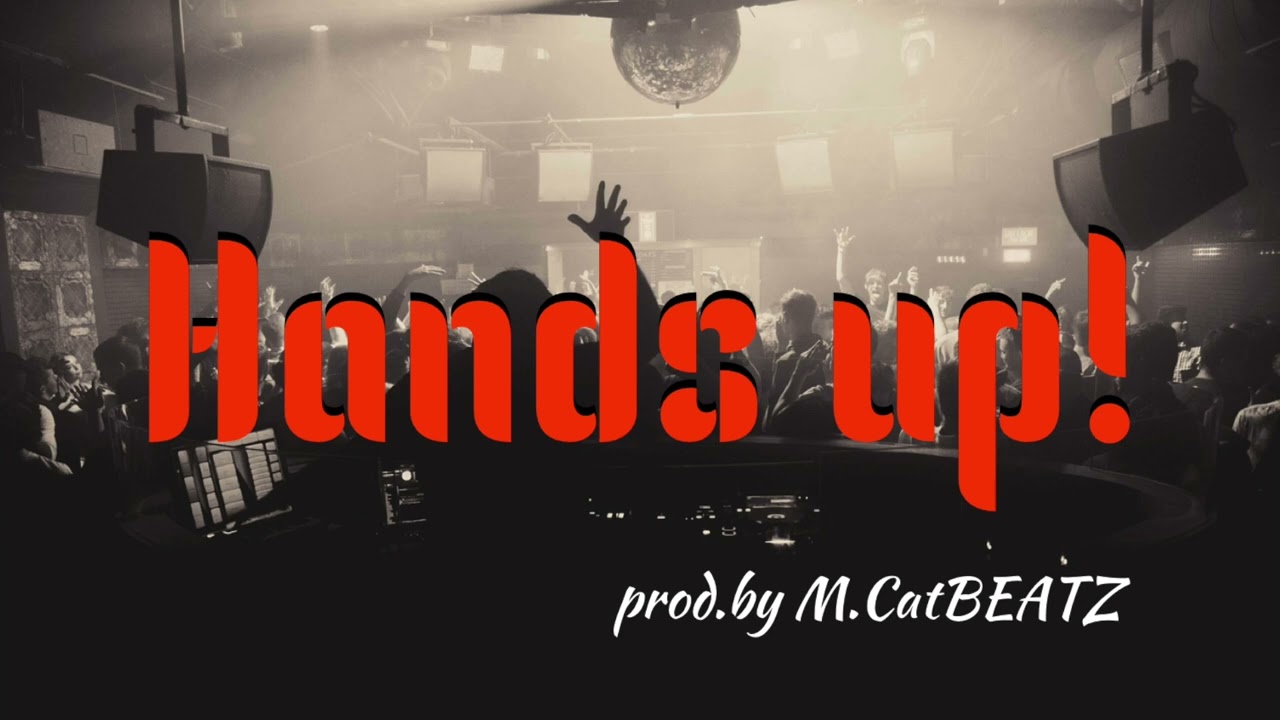 【SOLD/独占販売済】Hands up!  west coast hip hop/instrumental/rap beat/old style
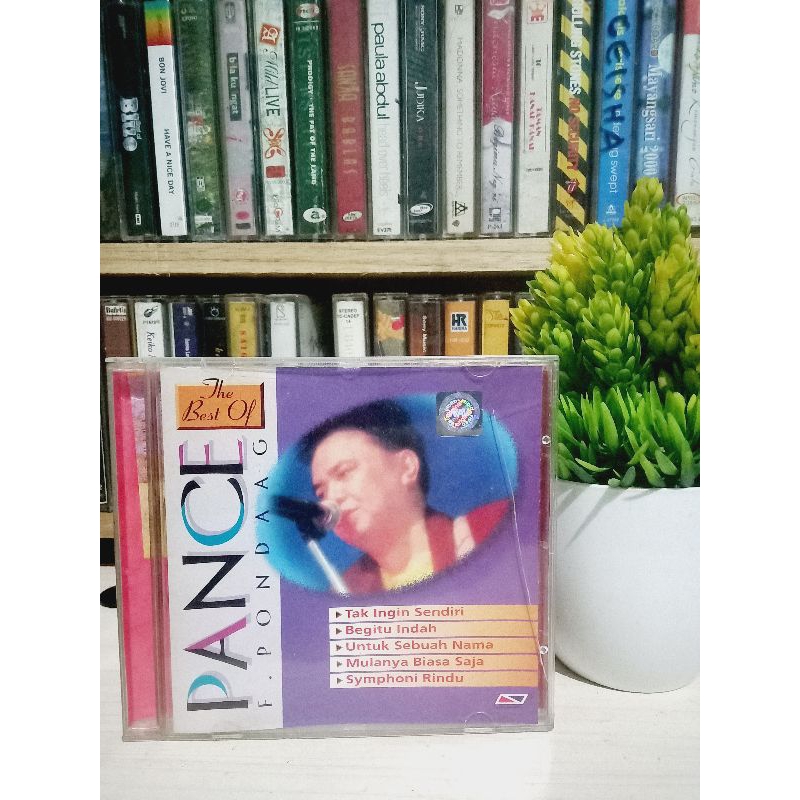 VCD PANCE PONDAAG THE BEST OF ORIGINAL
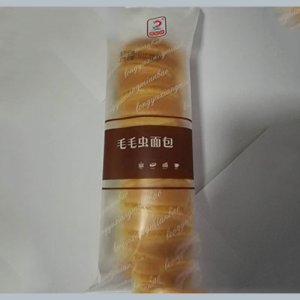 龙驭祥毛毛虫面包120g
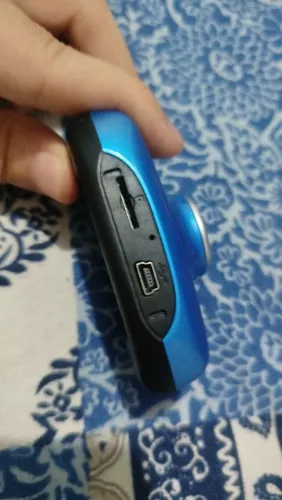 Mini câmera filmadora com capa a prova d'água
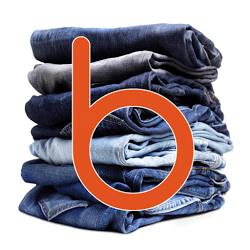 Stapel jeans met het merk Knoop, de perfecte pasvorm voor elke gelegenheid.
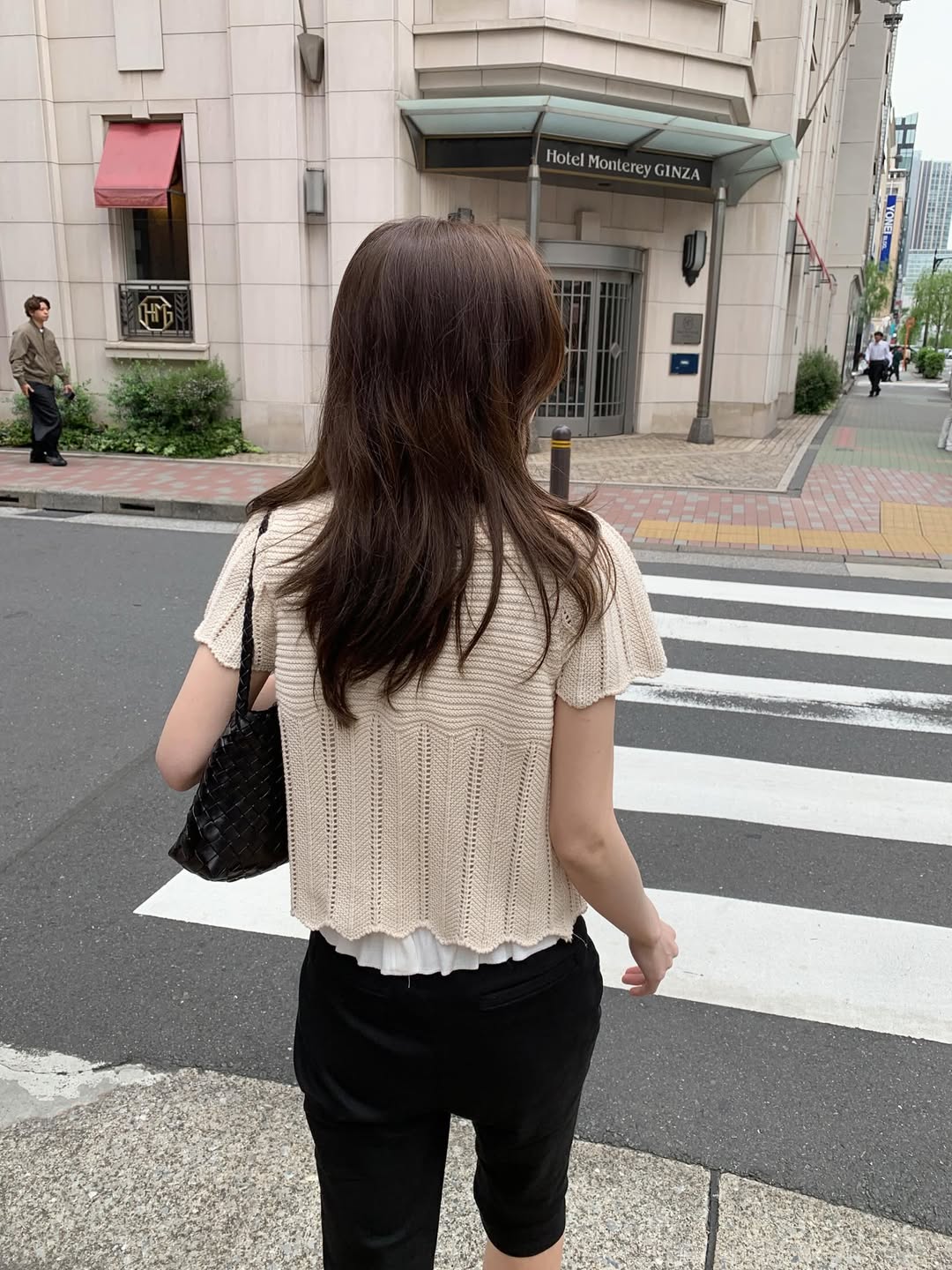 Mellounge Open Front Tie Knit Cardigan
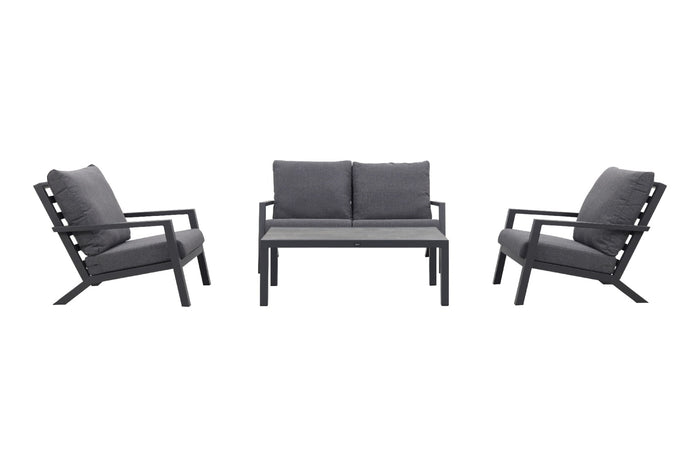 VDG Atlanta stoel-bank loungeset - 4-delig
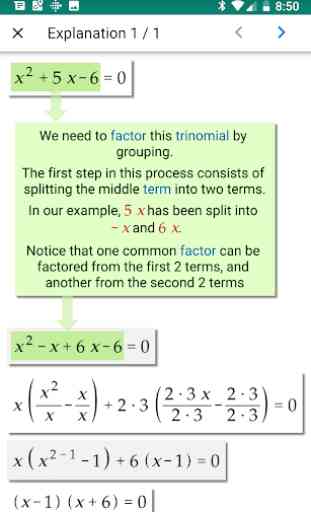 Algebrator math solver 2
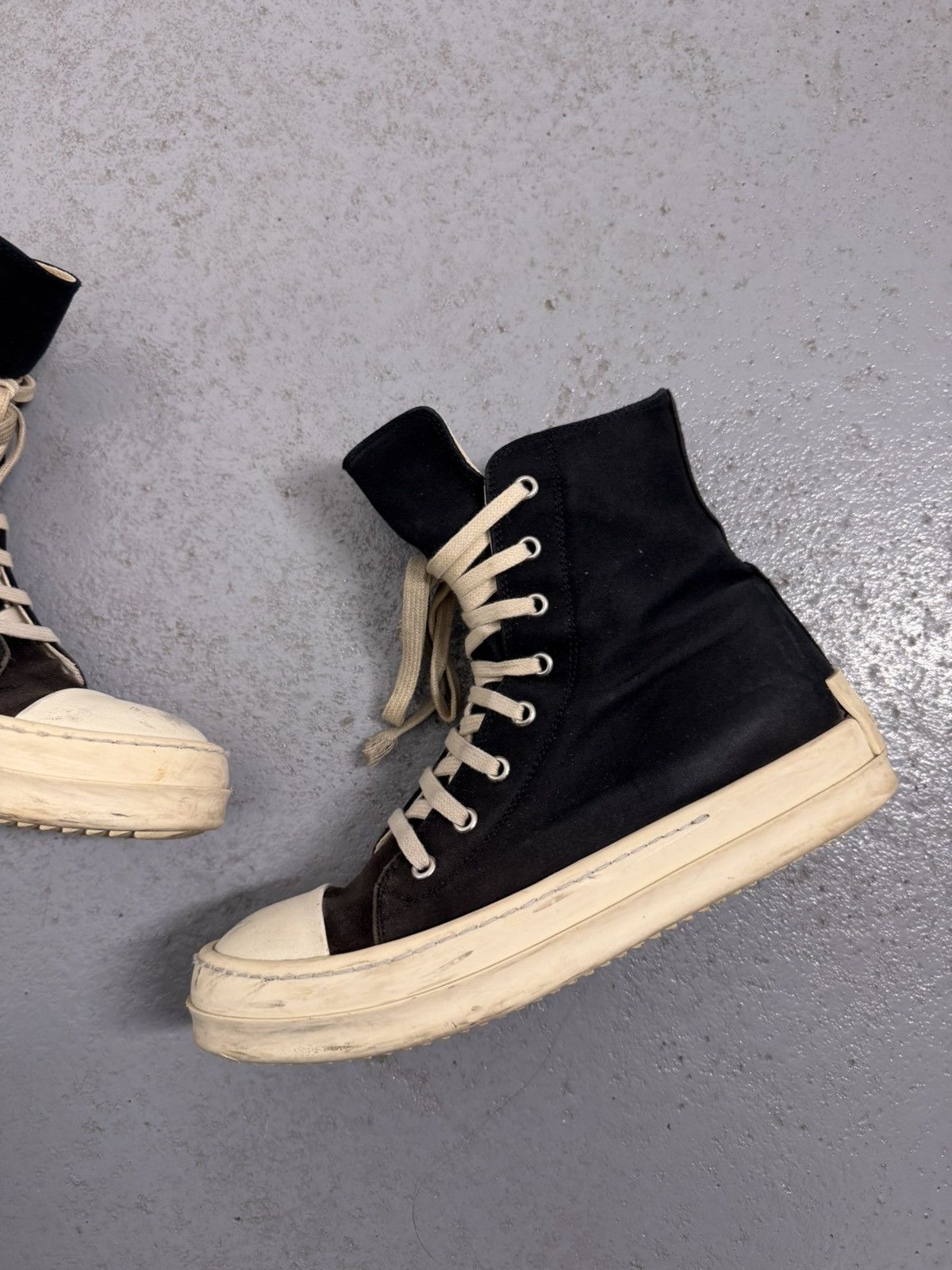 Rick Owens Drkshdw Rick Owens Drkshdw Ramones Size US 9 / IT 39 - 2 Thumbnail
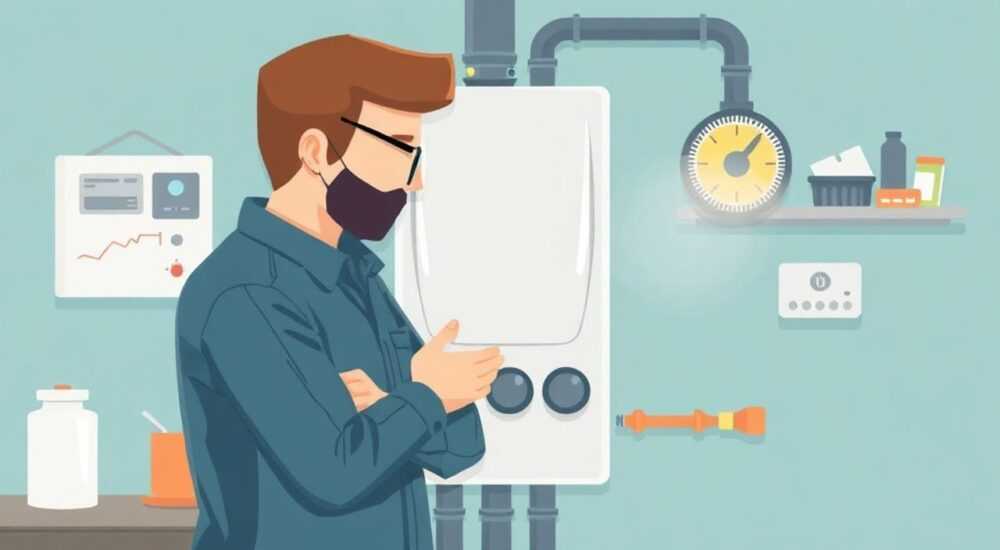 Сколько кубов газа потребляет котел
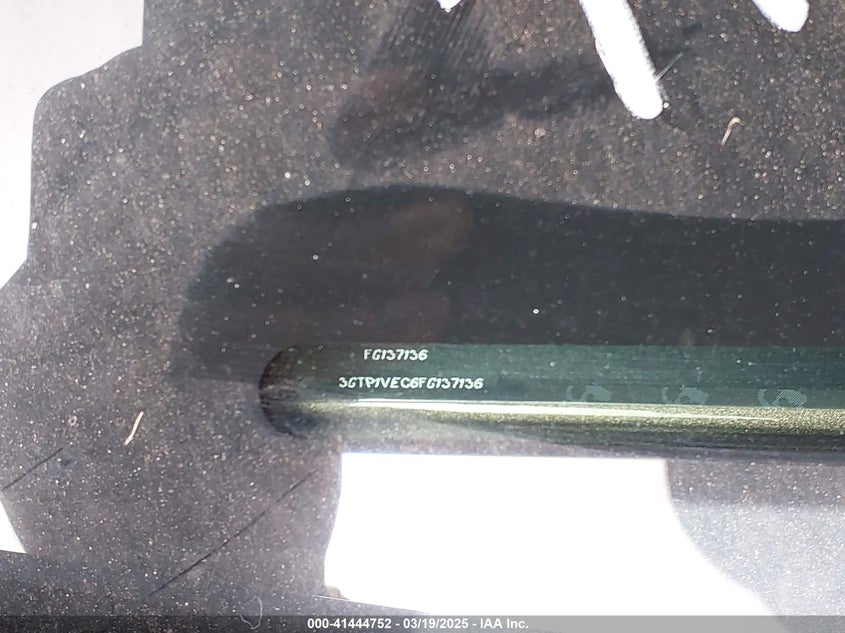 Image 9 of 2015 GMC Sierra  salvage vehicle - Lot #41444752 at IAAI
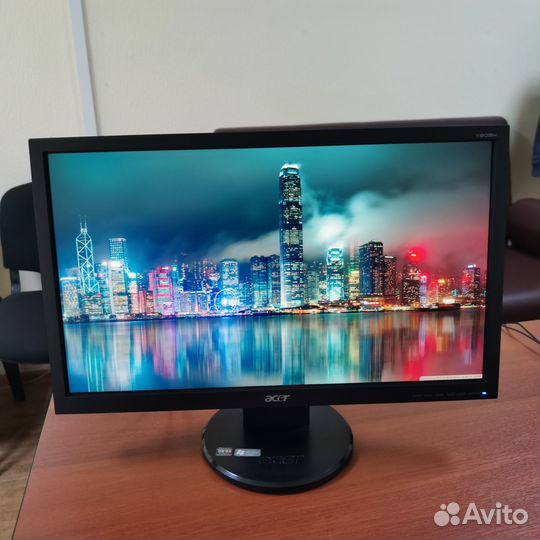 Монитор Acer V203H Ab (20'')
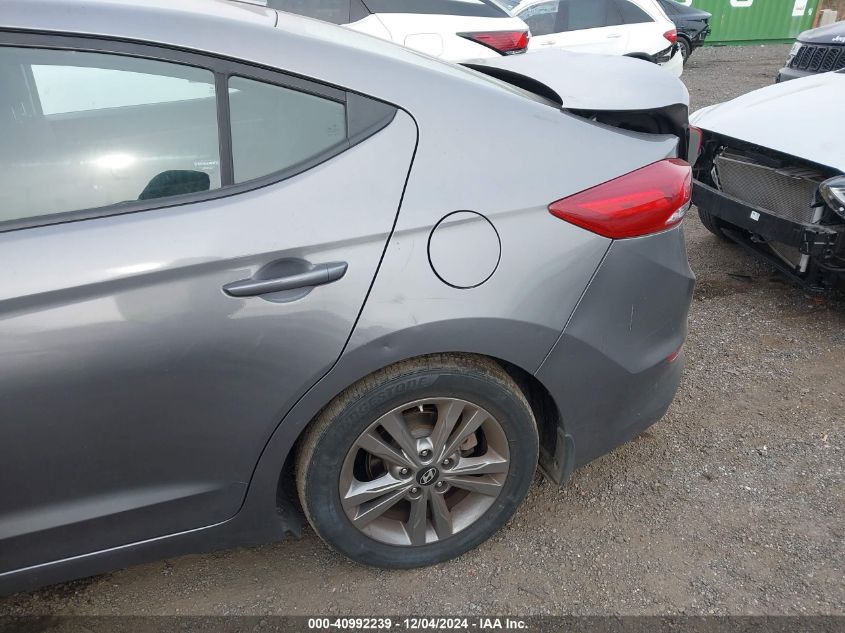 VIN 5NPD84LF1JH332230 2018 Hyundai Elantra, Sel no.18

▶ [Exercise instructions]:
Give back an exact copy of only the lines from the one with "Mellounge Open Front Tie Knit Cardigan" through the final line of the material, both included. Pictures do not belong in it.

▶ [Reply]:
 Mellounge Open Front Tie Knit Cardigan
 VDG Atlanta stoel-bank loungeset - 4-delig
 Algebrator math solver 2
 Rick Owens Drkshdw Rick Owens Drkshdw Ramones Size US 9 / IT 39 - 2 Thumbnail
 Сколько кубов газа потребляет котел
 Image 9 of 2015 GMC Sierra  salvage vehicle - Lot #41444752 at IAAI
 Монитор Acer V203H Ab (20'')
 VIN 5NPD84LF1JH332230 2018 Hyundai Elantra, Sel no.18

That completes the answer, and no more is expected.